I spent the past two and a half weeks with my son enjoying the holidays. It wasn't until driving home from our New Year's weekend at the beach, that I realized that I only had one day left to be home. When I woke up yesterday, I thought about how I would actually have to set an alarm and get up when it went off, how I would have to grade papers again, and attend meetings. At that moment, I wasn't exactly thrilled. When Liam went down for his nap, I took a couple of minutes to read some of my work e-mails (knowing full well that there would be a lot of them). When I saw the long list of things that I would have to eventually read, I got overwhelmed and decided that I would just pick and choose for now.

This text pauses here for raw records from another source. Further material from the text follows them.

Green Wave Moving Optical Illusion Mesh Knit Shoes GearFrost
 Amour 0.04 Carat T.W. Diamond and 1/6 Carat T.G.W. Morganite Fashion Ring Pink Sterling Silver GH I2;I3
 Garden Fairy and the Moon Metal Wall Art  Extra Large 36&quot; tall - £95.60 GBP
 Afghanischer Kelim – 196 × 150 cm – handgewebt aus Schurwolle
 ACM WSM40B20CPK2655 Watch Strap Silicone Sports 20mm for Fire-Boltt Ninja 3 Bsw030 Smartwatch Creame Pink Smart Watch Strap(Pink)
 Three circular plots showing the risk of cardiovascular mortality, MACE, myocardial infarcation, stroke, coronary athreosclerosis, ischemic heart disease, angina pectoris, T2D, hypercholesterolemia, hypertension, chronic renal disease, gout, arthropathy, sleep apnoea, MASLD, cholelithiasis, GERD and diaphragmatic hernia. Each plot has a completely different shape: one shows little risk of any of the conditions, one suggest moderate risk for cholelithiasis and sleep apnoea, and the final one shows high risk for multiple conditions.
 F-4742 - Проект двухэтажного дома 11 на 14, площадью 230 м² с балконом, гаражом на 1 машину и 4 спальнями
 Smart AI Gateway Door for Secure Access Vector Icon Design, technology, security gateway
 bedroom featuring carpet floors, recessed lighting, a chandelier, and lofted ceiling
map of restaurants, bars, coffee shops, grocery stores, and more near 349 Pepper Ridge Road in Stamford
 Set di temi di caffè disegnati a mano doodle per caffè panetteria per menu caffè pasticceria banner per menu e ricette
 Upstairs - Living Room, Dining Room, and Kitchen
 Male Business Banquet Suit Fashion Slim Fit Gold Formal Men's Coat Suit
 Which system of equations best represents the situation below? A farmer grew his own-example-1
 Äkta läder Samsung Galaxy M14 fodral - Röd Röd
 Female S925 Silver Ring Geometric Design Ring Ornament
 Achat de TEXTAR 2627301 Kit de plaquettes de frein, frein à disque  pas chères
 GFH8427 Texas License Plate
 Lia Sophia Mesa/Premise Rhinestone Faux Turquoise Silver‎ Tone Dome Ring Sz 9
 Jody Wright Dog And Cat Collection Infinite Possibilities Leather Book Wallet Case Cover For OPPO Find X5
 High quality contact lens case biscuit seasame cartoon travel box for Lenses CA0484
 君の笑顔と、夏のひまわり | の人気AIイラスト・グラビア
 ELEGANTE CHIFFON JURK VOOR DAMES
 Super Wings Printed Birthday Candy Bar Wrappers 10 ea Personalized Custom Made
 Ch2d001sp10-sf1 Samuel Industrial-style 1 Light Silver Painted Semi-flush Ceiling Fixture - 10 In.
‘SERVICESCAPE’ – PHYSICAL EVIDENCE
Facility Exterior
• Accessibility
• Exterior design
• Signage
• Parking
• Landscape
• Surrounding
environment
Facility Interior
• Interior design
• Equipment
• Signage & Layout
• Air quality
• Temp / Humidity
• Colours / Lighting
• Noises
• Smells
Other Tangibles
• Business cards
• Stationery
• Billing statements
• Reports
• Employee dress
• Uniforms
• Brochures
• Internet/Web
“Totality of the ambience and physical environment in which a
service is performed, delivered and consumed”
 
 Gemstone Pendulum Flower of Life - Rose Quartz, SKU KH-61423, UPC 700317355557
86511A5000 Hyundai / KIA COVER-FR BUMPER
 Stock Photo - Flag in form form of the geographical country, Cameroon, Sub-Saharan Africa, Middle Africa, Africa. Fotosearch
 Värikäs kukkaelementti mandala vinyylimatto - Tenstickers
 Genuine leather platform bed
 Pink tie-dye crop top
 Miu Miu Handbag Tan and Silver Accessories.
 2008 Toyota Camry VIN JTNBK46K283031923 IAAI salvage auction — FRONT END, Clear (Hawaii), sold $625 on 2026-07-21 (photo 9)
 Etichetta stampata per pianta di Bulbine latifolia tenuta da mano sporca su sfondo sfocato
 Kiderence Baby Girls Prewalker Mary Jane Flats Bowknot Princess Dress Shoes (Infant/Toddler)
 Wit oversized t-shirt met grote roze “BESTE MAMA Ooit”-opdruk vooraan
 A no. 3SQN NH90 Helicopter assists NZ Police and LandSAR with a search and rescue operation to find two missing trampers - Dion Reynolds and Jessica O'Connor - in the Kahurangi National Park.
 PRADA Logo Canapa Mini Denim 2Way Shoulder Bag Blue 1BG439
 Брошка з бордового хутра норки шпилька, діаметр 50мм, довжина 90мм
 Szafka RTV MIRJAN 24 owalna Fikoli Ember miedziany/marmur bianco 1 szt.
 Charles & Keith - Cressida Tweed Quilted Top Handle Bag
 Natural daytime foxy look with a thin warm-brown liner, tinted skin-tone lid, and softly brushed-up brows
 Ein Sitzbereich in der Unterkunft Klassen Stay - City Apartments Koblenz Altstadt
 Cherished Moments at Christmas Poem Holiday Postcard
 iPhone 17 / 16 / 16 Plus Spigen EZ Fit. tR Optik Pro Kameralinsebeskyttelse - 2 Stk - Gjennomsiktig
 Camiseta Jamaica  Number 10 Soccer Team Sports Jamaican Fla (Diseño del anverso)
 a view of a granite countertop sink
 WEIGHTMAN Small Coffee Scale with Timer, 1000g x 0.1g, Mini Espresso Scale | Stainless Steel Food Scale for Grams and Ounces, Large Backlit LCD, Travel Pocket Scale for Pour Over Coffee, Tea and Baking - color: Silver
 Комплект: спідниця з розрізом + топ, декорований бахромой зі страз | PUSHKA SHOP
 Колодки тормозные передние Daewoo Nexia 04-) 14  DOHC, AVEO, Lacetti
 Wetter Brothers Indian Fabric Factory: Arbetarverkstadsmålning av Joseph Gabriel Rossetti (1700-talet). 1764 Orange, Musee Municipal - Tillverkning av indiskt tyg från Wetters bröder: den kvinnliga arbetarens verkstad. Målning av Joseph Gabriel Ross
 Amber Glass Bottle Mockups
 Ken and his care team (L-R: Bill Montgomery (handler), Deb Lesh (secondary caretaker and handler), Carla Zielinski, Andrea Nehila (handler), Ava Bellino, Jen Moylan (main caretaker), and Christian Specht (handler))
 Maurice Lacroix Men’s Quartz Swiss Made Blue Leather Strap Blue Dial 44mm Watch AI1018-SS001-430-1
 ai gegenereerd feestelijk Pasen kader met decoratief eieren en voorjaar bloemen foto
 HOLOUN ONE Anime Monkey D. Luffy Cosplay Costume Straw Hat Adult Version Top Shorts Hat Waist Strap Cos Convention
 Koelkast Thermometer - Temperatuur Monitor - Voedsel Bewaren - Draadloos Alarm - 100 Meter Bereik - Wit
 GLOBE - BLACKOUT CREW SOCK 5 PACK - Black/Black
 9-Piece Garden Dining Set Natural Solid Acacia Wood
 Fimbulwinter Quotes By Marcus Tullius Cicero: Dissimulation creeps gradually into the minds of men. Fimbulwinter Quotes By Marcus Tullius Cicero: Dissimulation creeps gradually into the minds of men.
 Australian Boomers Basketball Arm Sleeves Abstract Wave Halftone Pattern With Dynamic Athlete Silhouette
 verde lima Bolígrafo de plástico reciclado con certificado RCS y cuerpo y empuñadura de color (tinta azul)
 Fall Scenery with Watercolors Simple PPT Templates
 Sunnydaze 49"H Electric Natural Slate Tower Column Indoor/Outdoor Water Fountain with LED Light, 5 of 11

As I scrolled down the list, I saw a distant, but familiar name. The e-mail was written by a student that I had two years ago in a reading class. I thought that this was odd, probably a chain e-mail that was mistakenly sent to me. When I look back at my time with this student, not a whole lot comes to mind. She was a sweet, quiet girl, who did her work, but never acted overly interested. So it was a total shock for me when I opened the e-mail and realized that not only was it actually written by my student, to me, but that it was a thank you letter.
As I read, I began to tear up. She told me about her love for poetry and that, until that day, she had no idea where that love came from. She proceeded to tell me that when she thought back to when her love for it began, all she could remember was the Halloween that she had spent in my classroom, and the poems that I read to her class that day. She was refering to my yearly Edgar Allen Poe day- I read The Tell-Tale Heart and The Raven. She told me that she was so taken by the poems that I read that day, that she went to the library and checked out a book full of poems by Poe, which then turned into poems by Jane Austen, and then Shakespeare.
She had also added four beautiful poems that she had written to the end of the e-mail, for me to read. She explained that without me, she would never have thought of poetry in the way that she does now. She expressed a desire to write for a career and explained how much of an outlet it had become for her. Until this point, I would have never thought that she would be a student who I had an impact on. I remember talking to her about her work and the books she was reading, but she never gave any indication that she was being "inspired" while in my classroom.
This got me thinking about the hundreds of students who I have taught throughout my short teaching career thus far, and about how many students I could be reaching without ever knowing it. I also thought about how I had no idea that one day's worth of poetry reading could have this much of an impact on a student. When I got into teaching, I knew that I wouldn't be able to reach every student that walked into my classroom, but I now know that I'm reaching more than I think, and in ways I can't see.
Since having Liam, I have felt a bit of a disconnect from my work. I have always loved it, but it took a backseat to all that was going on at home. But last night when I went to bed, I couldn't sleep. Not because I was dreading the alarm clock, but because I couldn't wait to see my kiddos! I have a renewed excitment about teaching and I feel like I did my first year as an educator.
I can never thank this student enough for the gift that she has given me!